---------- Data records

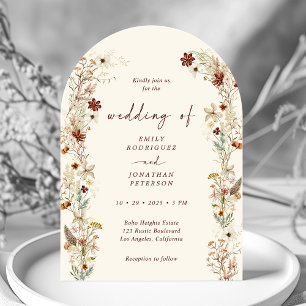 Boho Rustic Neutral Floral Romantic Arch Wedding Invitation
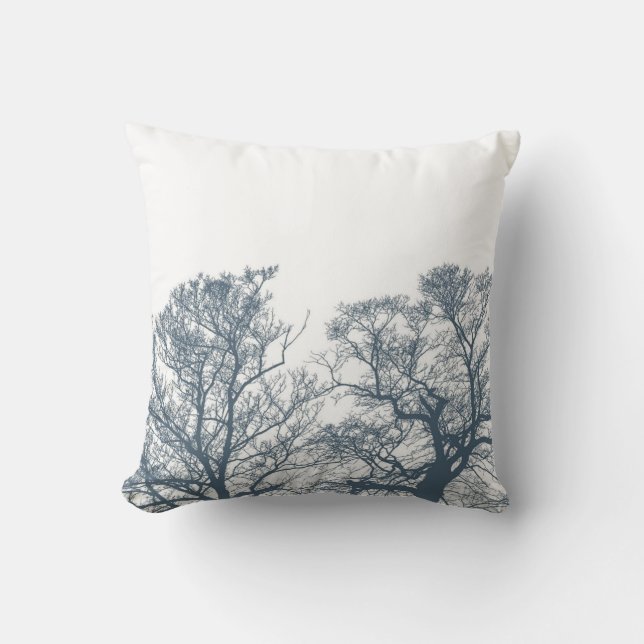 Cojín Decorativo Blue Bottom Trees Tropical Boho (Anverso)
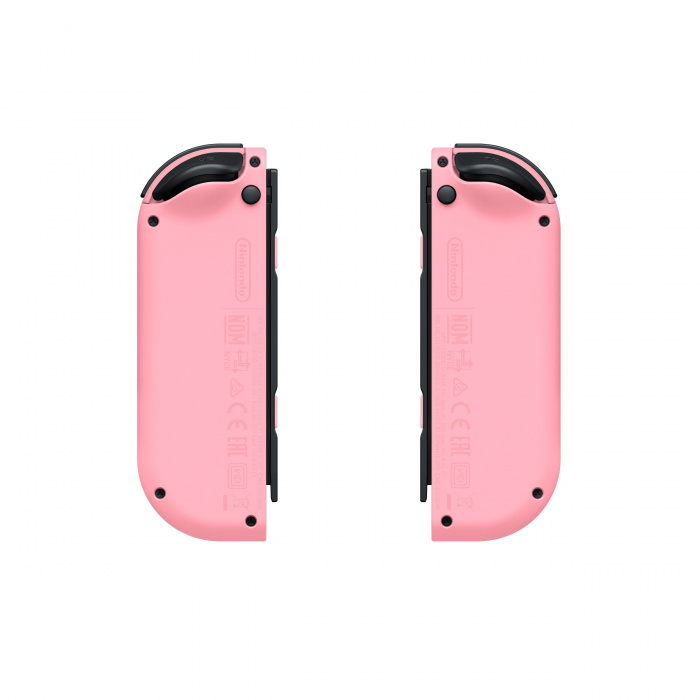Dwa różowe kontrolery Nintendo Switch Joy-Con z widocznym logo Nintendo.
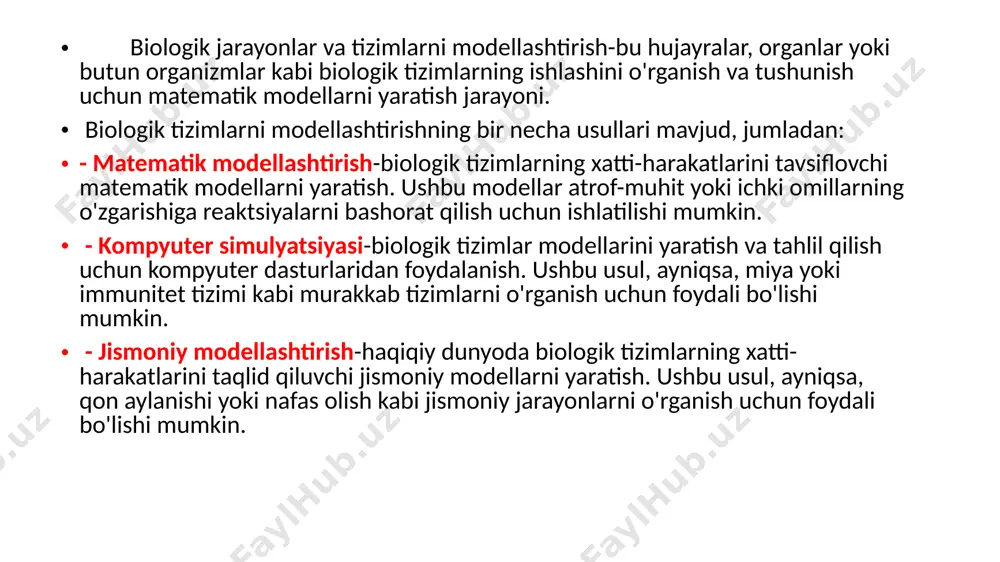 cha o'qitish uchun ishlatilishi mumkin, bu ularga biologik tizimlardagi murakkab jarayonlar va hodisalarni yaxshiroq tushunishga imkon beradi. biologik tizimlarni modellashtirishda qanday cheklovlar mavjud? biologik tizimlarni modellashtirishda bir nechta cheklovlar mavjud. birinchidan, bu tizimlarning murakkabligi, ular juda xilma-xil bo'lishi mumkin va bir-biri bilan o'zaro ta'sir qiluvchi ko'plab tarkibiy qismlarni o'z ichiga oladi. ikkinchidan, bu modellarni yaratish uchun zarur bo'lgan ma'lumotlarning mavjudligi va aniqligidagi cheklovlar. shuningdek, biologik tizimlarning ishlash mexanizmlarini to'liq tushunmaslik tufayli cheklovlar paydo bo'lishi mumkin. bundan tashqari, simulyatsiya kompyuterlarning hisoblash qobiliyatlari bilan cheklanishi mumkin. bu omillarning barchasi biologik tizim modellarining aniqligi va ishonchliligiga sezilarli ta'sir ko'rsatishi mumkin. ilm-fanning qaysi sohalari o'z tadqiqotlari uchun biologik tizim simulyatsiyalaridan foydalanishi mumkin? biologik tizimlarni modellashtirish fanning ko'plab sohalarida, shu jumladan biologiya, tibbiyot, farmakologiya, ekologiya, agronomiya va boshqalarda qo'llanilishi mumkin.masalan, biologiyada modellashtirish biologik tizimlarning molekulalar va hujayralar darajasida qanday ishlashini va organizmlarda biologik jarayonlar qanday sodir bo'lishini tushunishga yordam beradi. tibbiyotda modellashtirish kasalliklarni o'rganish va …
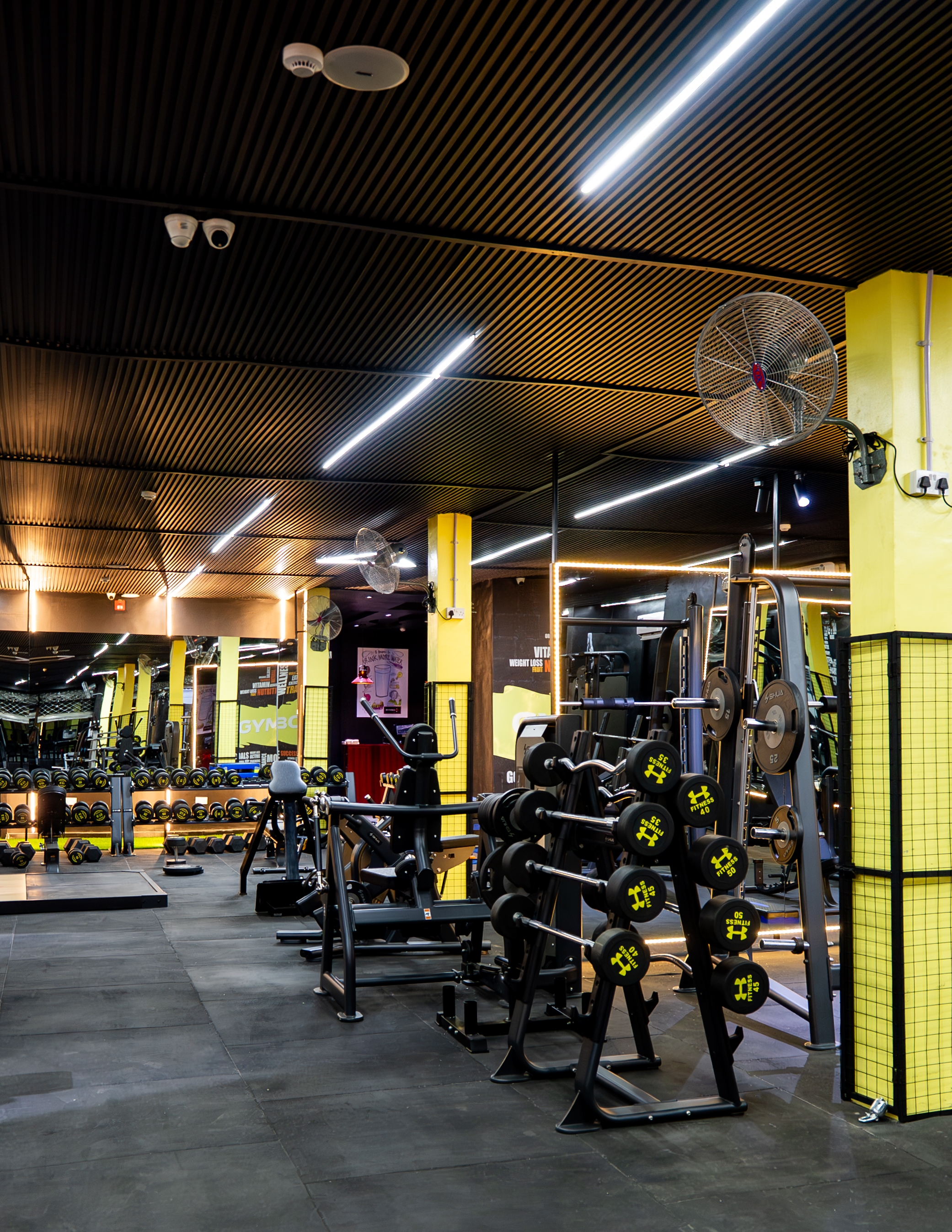 Free weights, racks, and cardio machines on the gym floor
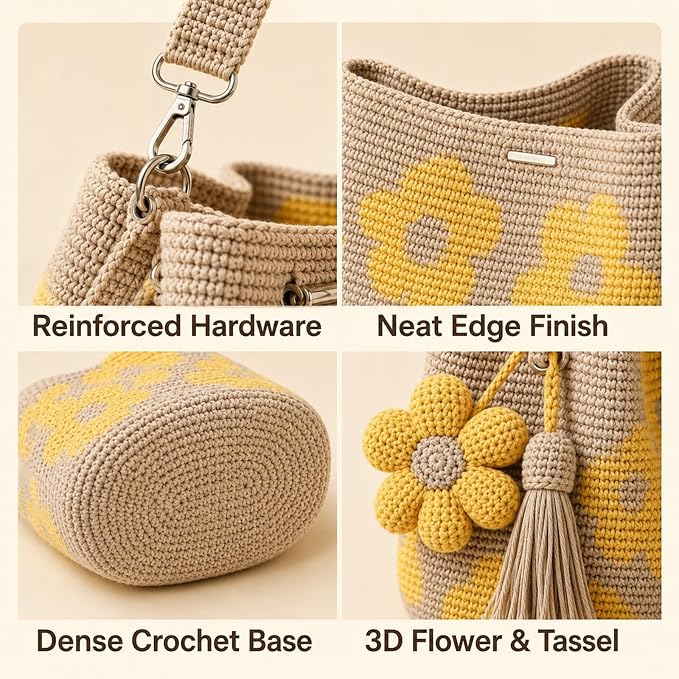 Handmade Crochet Flower Bag – Cute Knitted Shoulder Bag With Tassel Option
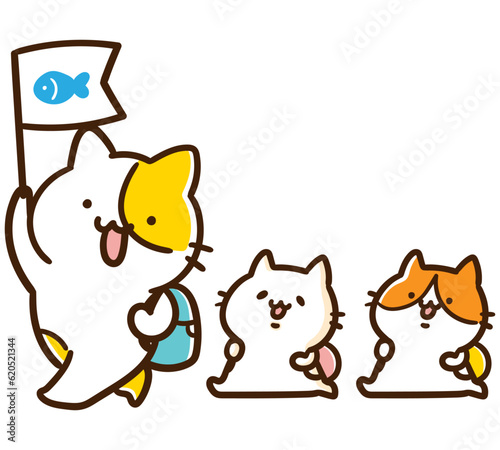 子どもたちを引率して遠足に出かけるかわいいねこのキャラクターのイラスト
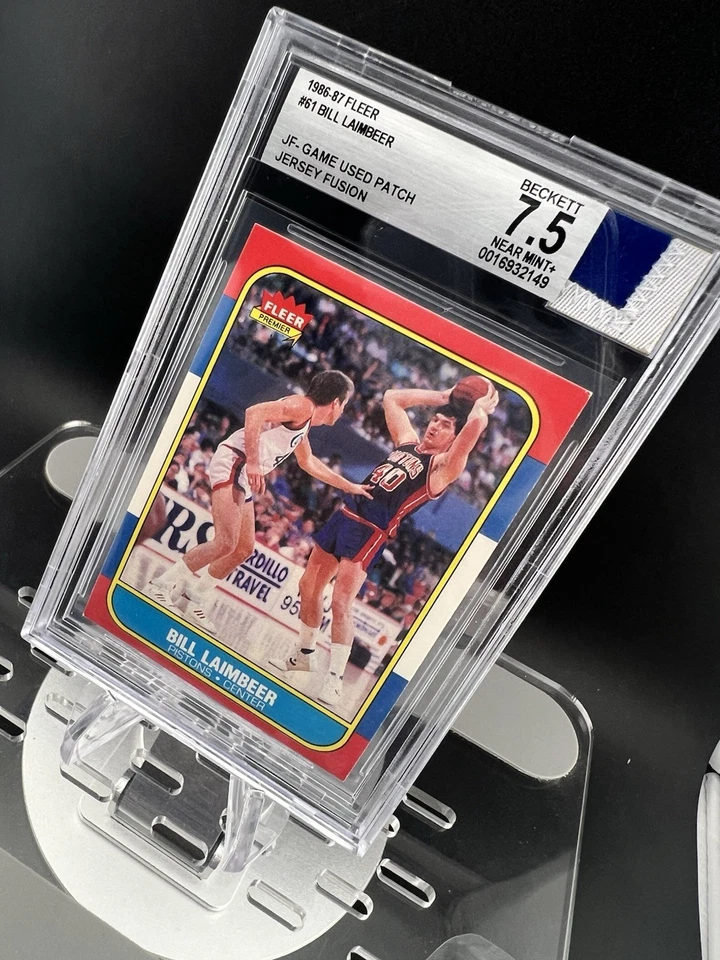 2024 Jersey Fusion 1986-87 Fleer Bill Laimbeer BGS 7.5 Detroit Game Used Patch - Image 3 of 4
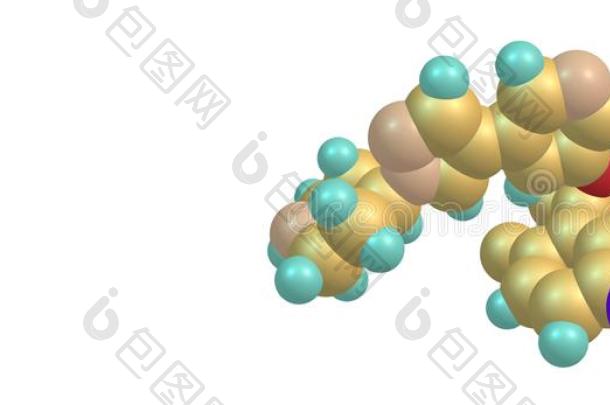克列佐替尼分子的结构隔离的向白色的图片-包图网企业站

--------------------

- **Assigned task**: When you reach the line containing "Handmade Crochet Flower" in the entries above, please retype it and each line after it through the last one, exactly, without the pictures.

- **Answer to this problem**:
 Handmade Crochet Flower Bag – Cute Knitted Shoulder Bag With Tassel Option
 子どもたちを引率して遠足に出かけるかわいいねこのキャラクターのイラスト
 2024 Jersey Fusion 1986-87 Fleer Bill Laimbeer BGS 7.5 Detroit Game Used Patch - Image 3 of 4
克列佐替尼分子的结构隔离的向白色的图片-包图网企业站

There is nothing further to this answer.